Nanzan University Human Relations Centre

Ten years ago Tsumura-sensei created the Human Relations Center at Nanzan University in Nagoya.  Twenty years before, he had been trained by NTL – National Training Laboratories for Experiential Learning – in “T” Group processes.  He became passionate about experiential learning.

What I hadn’t understood was that “T” group work is really a key ancestor to much of the work I and others are doing these days.  It starts from the idea that people come together to talk, and then start to learn from their separate and collective experience.

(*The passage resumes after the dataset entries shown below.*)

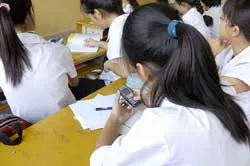 Học sinh sử dụng điện thoại di động: Cấm hay không cấm?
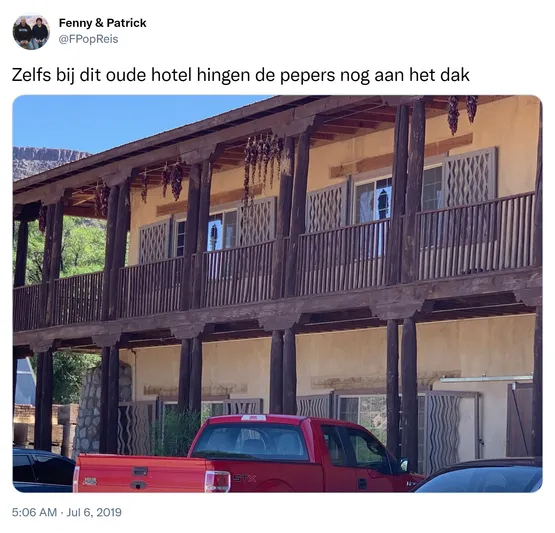 Zelfs bij dit oude hotel hingen de pepers nog aan het dak https://t.co/szqvEXDysI
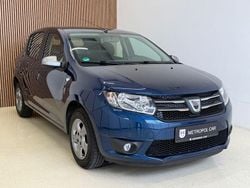 Blau Gebraucht 2015 Dacia Sandero Kleinwagen | 5.990 € (Fairer Preis)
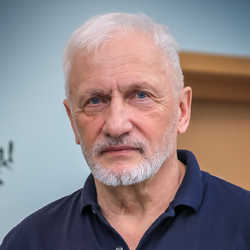dr n. med. Sławomir Drabek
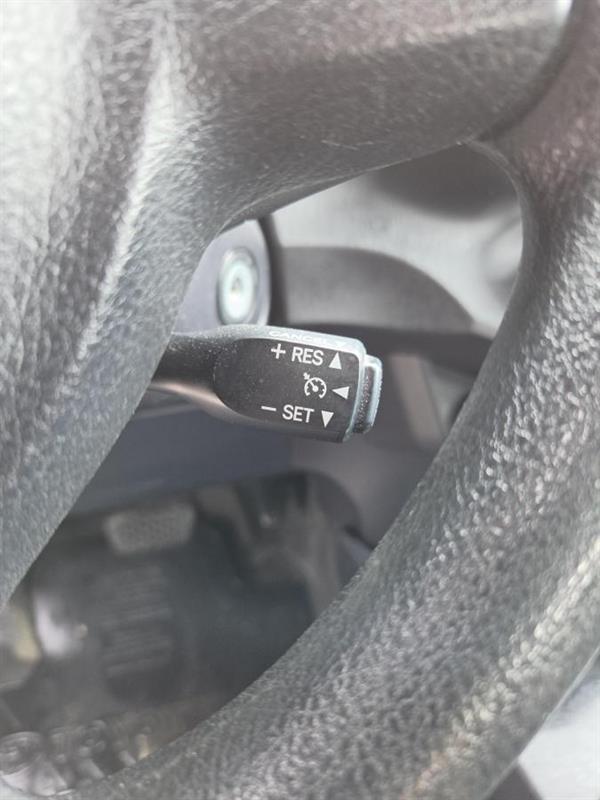 2014 Toyota Yaris - Image 18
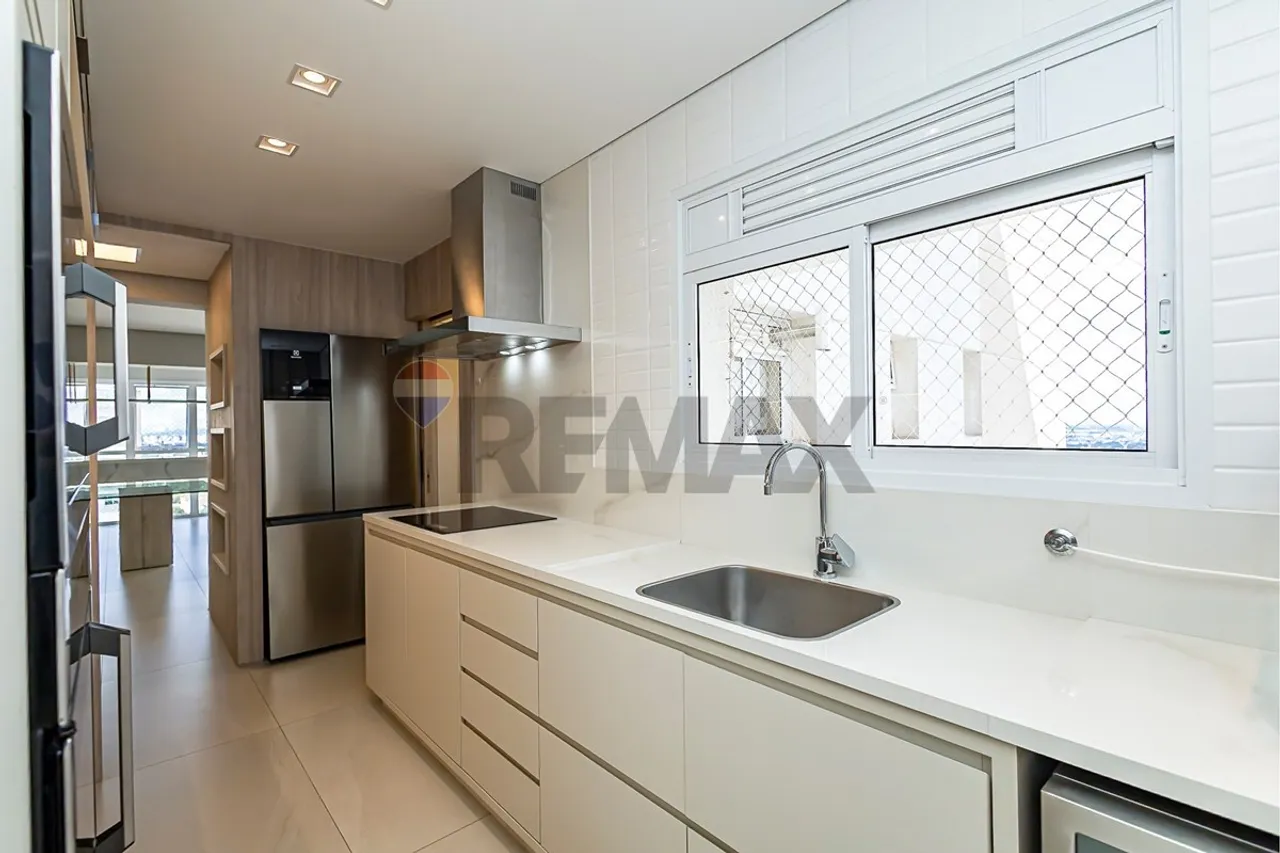 113 m² furnished apartment with 2 bedrooms and open-plan kitchen — photo 5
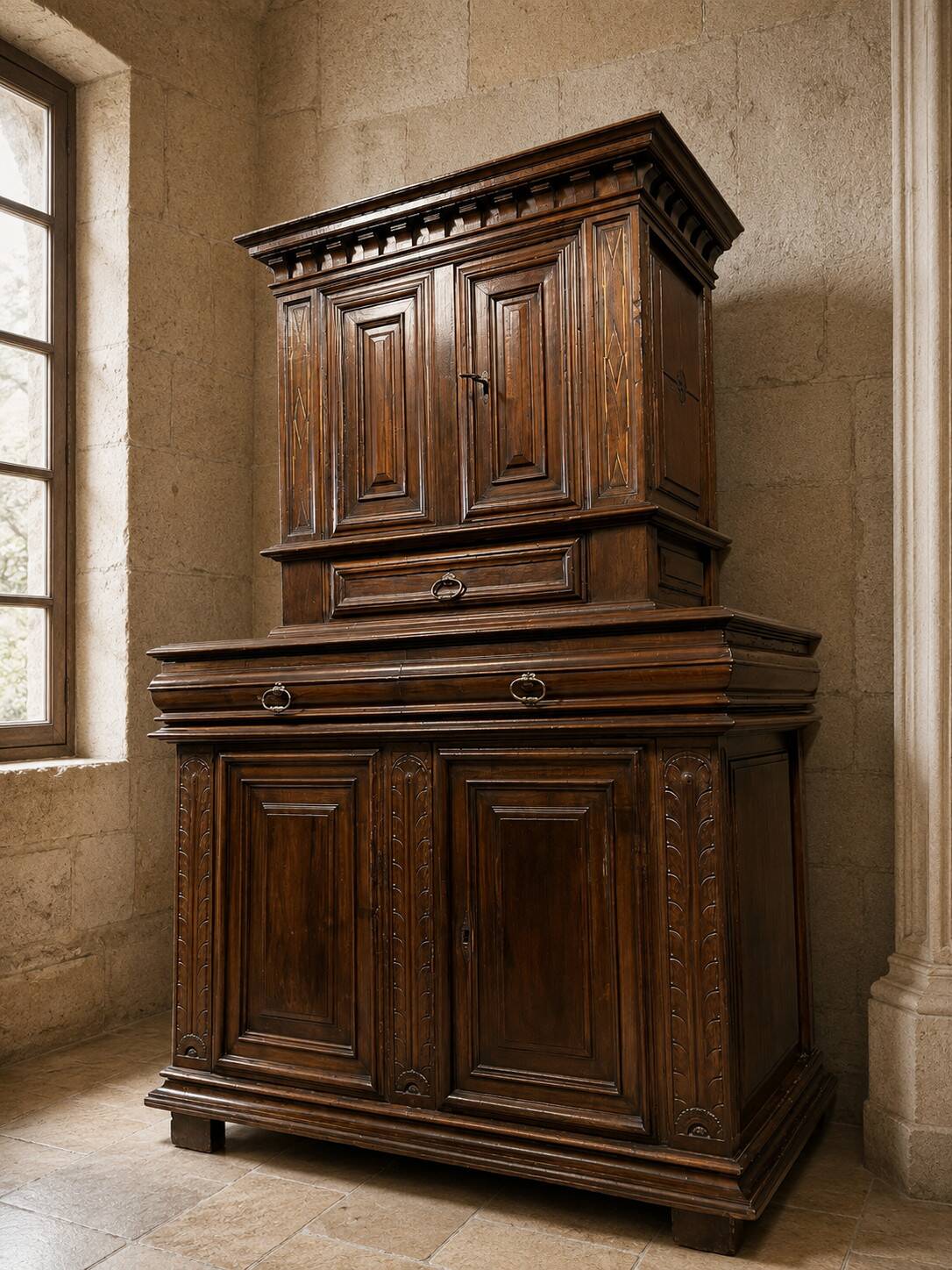 Cabinet buffet with two bodies in moulded walnut – Louis XIII period
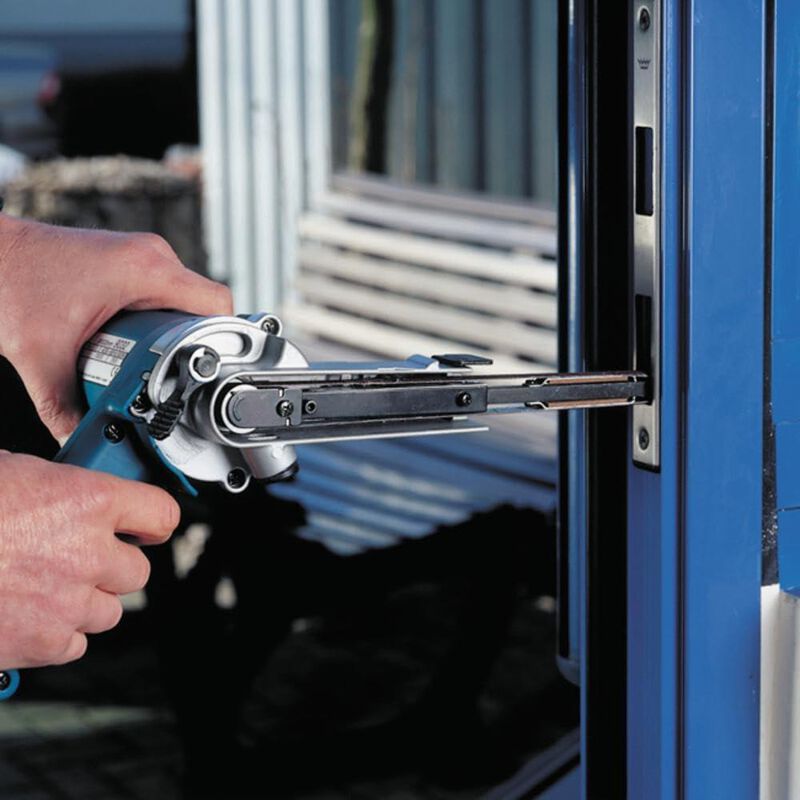 Lijadora de Banda Makita 3/8 x 21&rdquo; 750W Profesi... image number null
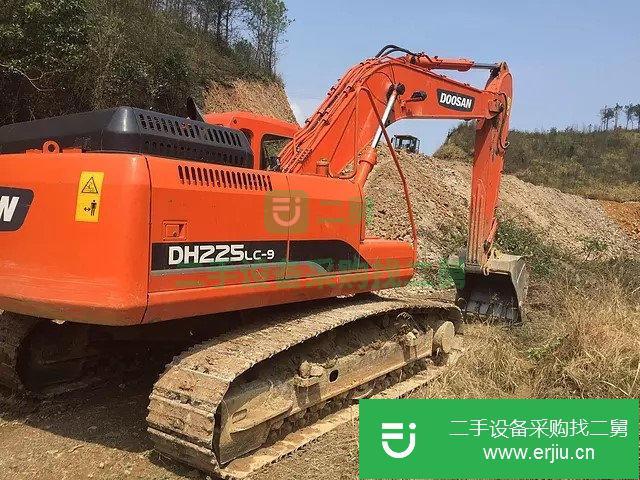 二手挖掘機斗山225-9/225-7/300-7日立出售 (300二手挖掘機包送)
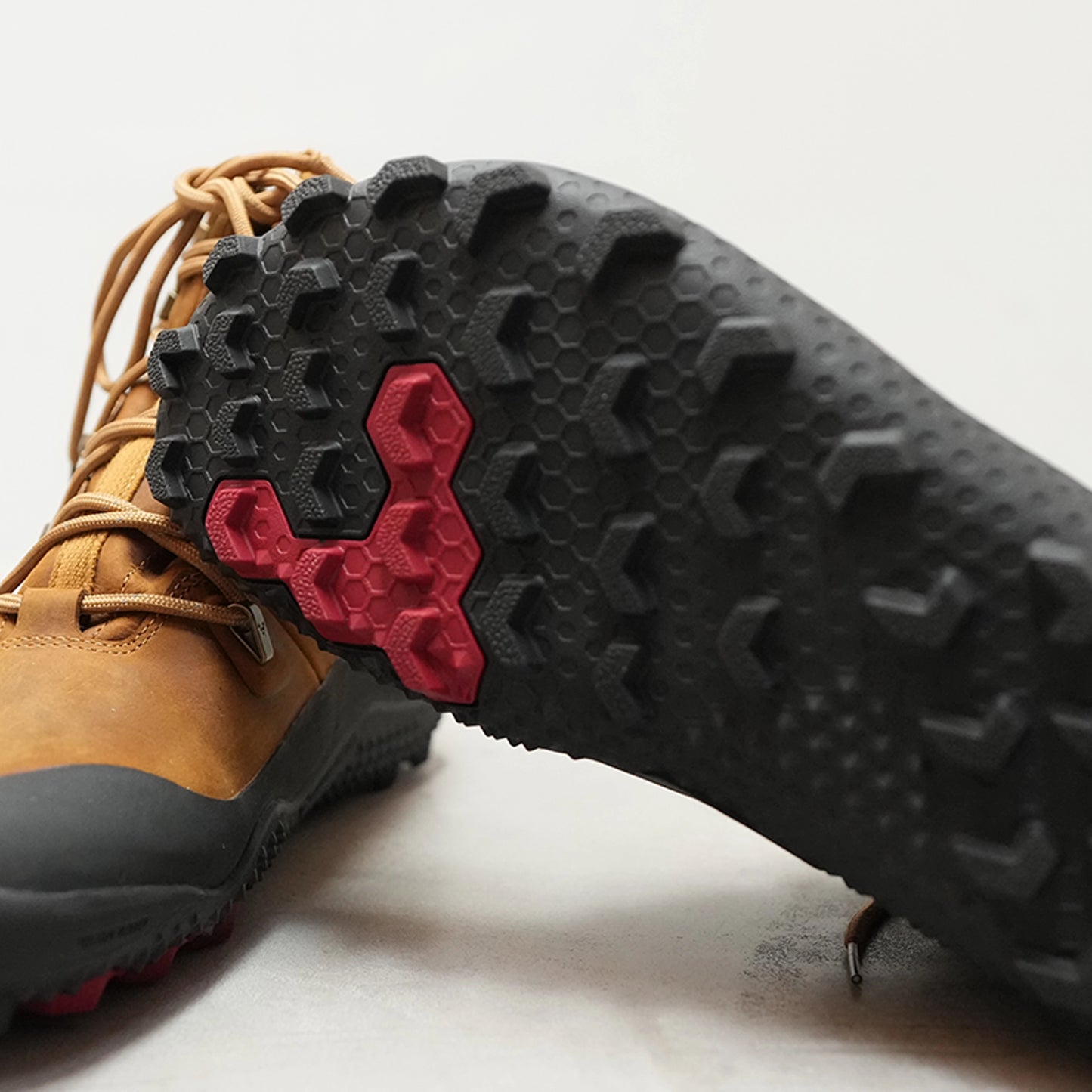 【VIVOBAREFOOT】ヴィヴォ ベアフット men's Tracker Winter Ⅱ SG "2Color"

At the end of November, sixty people who were connected to the Human Relations Center came together for a full day to talk about their own learning and work and to help envision what the next ten years of the Centre might be.  Then for the next two evenings, we did evening workshops with smaller groups exploring this field of ideas about stepping into your self and your passion as an engine for change.

Sometime, early on, Tsumura-sensei and I were talking and I mentioned “elegant next miniumum step” – a phrase I use often in Japan to help people think about working with emergence.  Tsumura-sensei’s face looked confused and he said, “well, I’m usually dorokusa,i” which literally means messy and smelly, of the earth.  We kept coming back to this tension between elegant and dorokusai over the next couple of days.  Where I think we finally landed is that it is important to aspire to elegance and beauty AND, often what we end of doing is a bit dorokusai.  We bring in beauty when and where we can, and sometimes we proceed without it – but even when we do so, we do so consciously and with an eye to creating beauty and elegance wherever we can.

I’m very curious about how the Human Relations Centre will find its elegant next step.  In some ways it feels to me like it needs to grow beyond its roots and to work with a wider range of possibilities which exist now.  I’m fascinated by what might happen if it formed a partnership with KDI to bring Future Center work to corporations in the Nagoya region.  In so many cases the way we step beyond current form is to create new partnerships and sense into new possibilities.

Delightful folks. I’d love to keep working with them.